(Beginning of Exercise material)

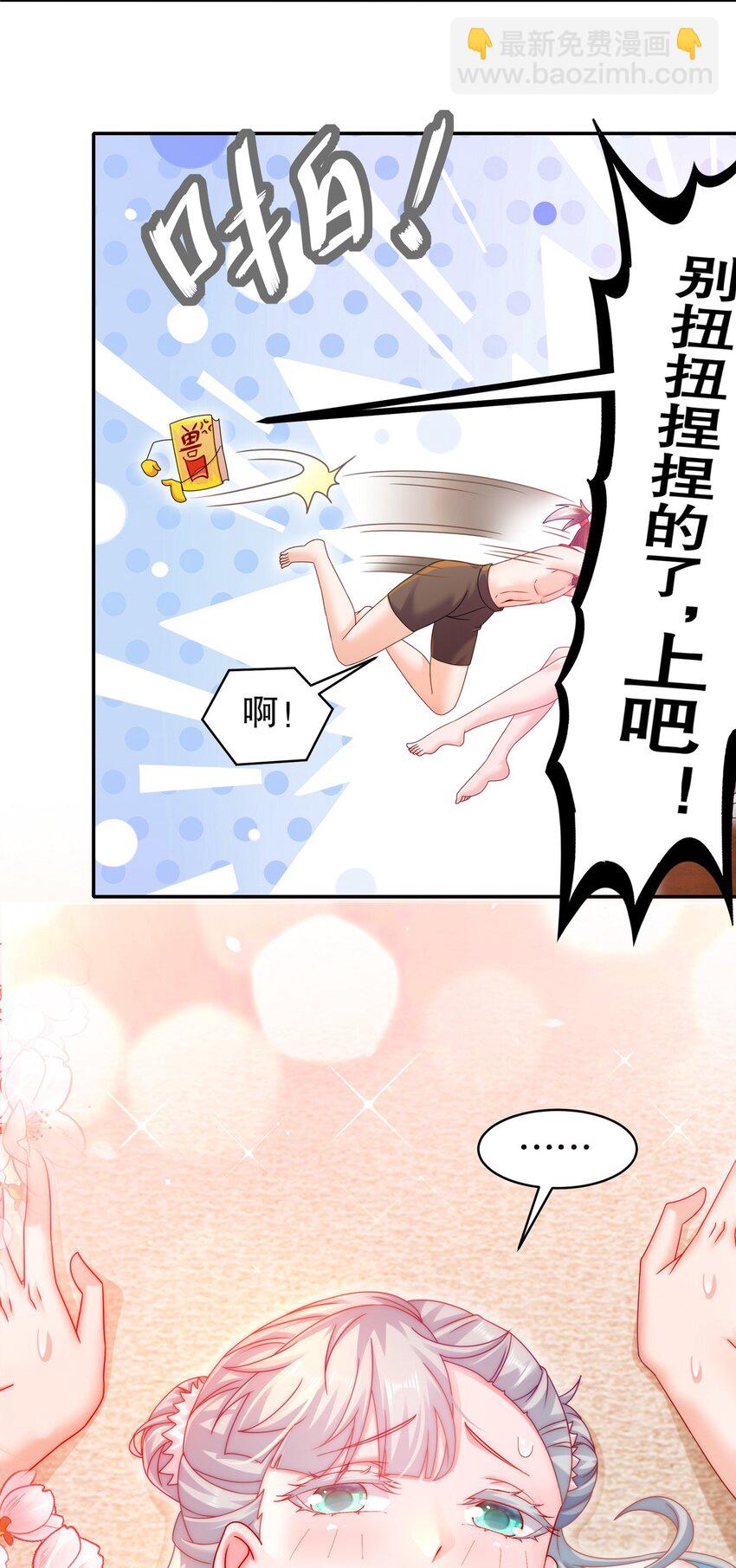《重生之吾皇万睡》15 我不是一个随便的人！ 第11页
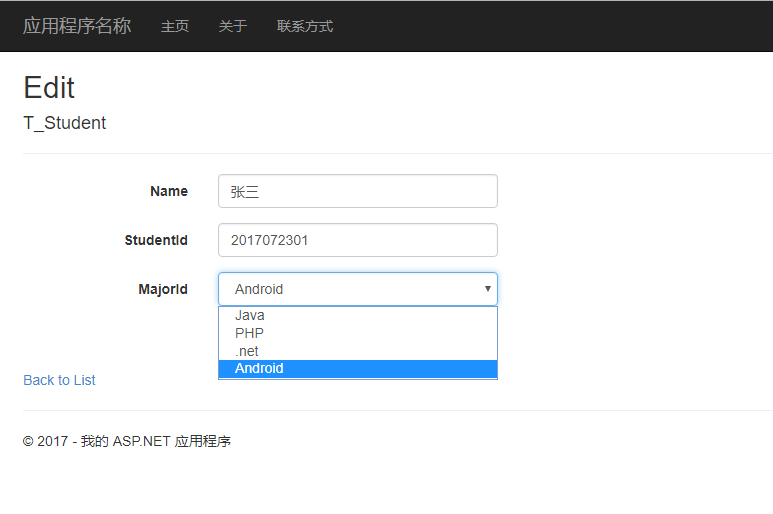 Entity Framework之DB First方式详解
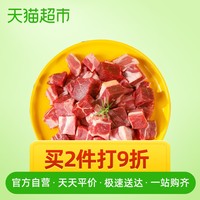 小牛凯西原切牛腩块2斤新鲜牛肉冷冻牛腩粒红烧食材低脂健身 *2件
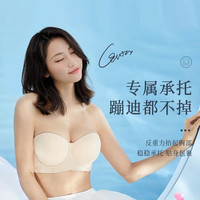 糖粒 大胸专用大码无肩带内衣隐形防滑无痕聚拢防下垂收副乳文胸薄 自然肤-多种穿法 85C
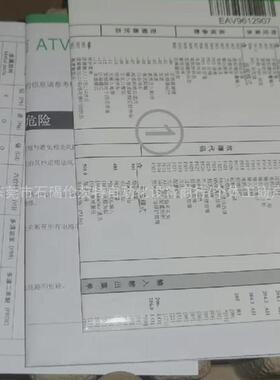 atv310h075n4aatv310系列变频器现货供应特惠议价
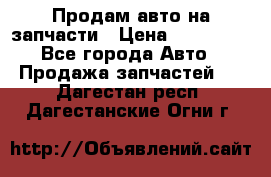 Продам авто на запчасти › Цена ­ 400 000 - Все города Авто » Продажа запчастей   . Дагестан респ.,Дагестанские Огни г.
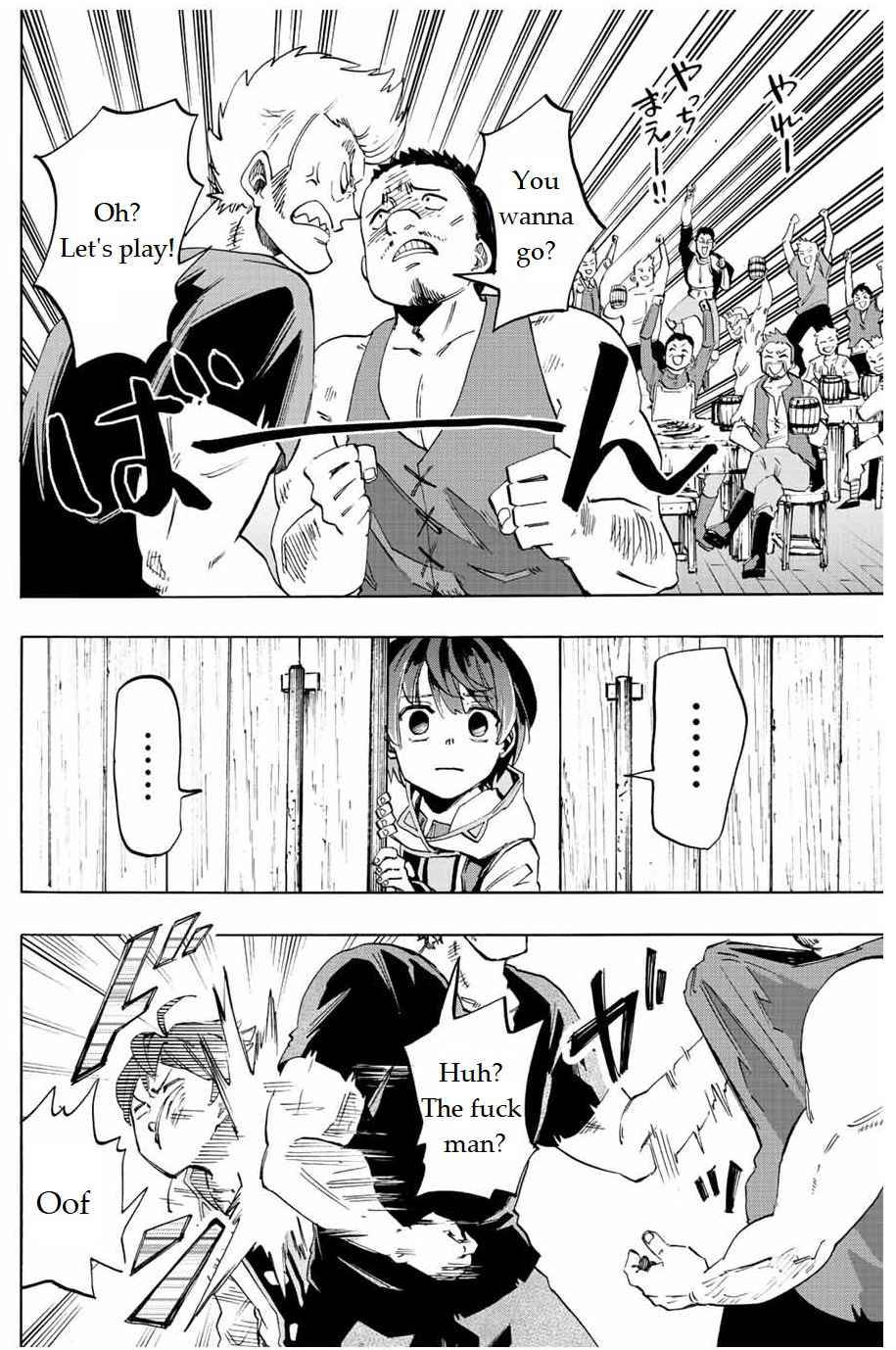 Isekai Walking chapter 2 page 8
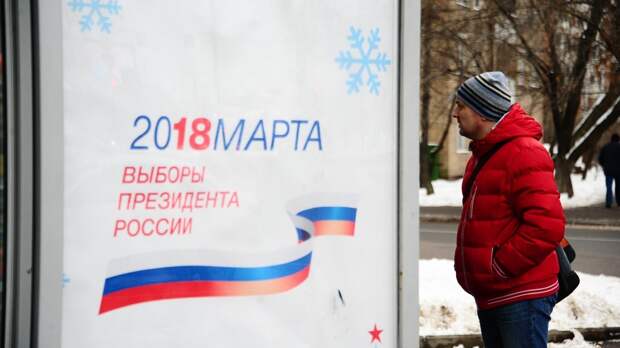 Выборы-2018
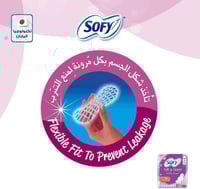 سوفي فوط صحية نعومة وامان رقيقة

(End of Exercise material)

**What this task involves**
Retype the data exactly as it stands, but keep the images out of your copy.

**Task solution**
《重生之吾皇万睡》15 我不是一个随便的人！ 第11页
 Entity Framework之DB First方式详解
 小牛凯西原切牛腩块2斤新鲜牛肉冷冻牛腩粒红烧食材低脂健身 *2件
 糖粒 大胸专用大码无肩带内衣隐形防滑无痕聚拢防下垂收副乳文胸薄 自然肤-多种穿法 85C
 atv310h075n4aatv310系列变频器现货供应特惠议价
 Продам авто на запчасти › Цена ­ 400 000 - Все города Авто » Продажа запчастей   . Дагестан респ.,Дагестанские Огни г.
 Isekai Walking chapter 2 page 8
 Выборы-2018
 سوفي فوط صحية نعومة وامان رقيقة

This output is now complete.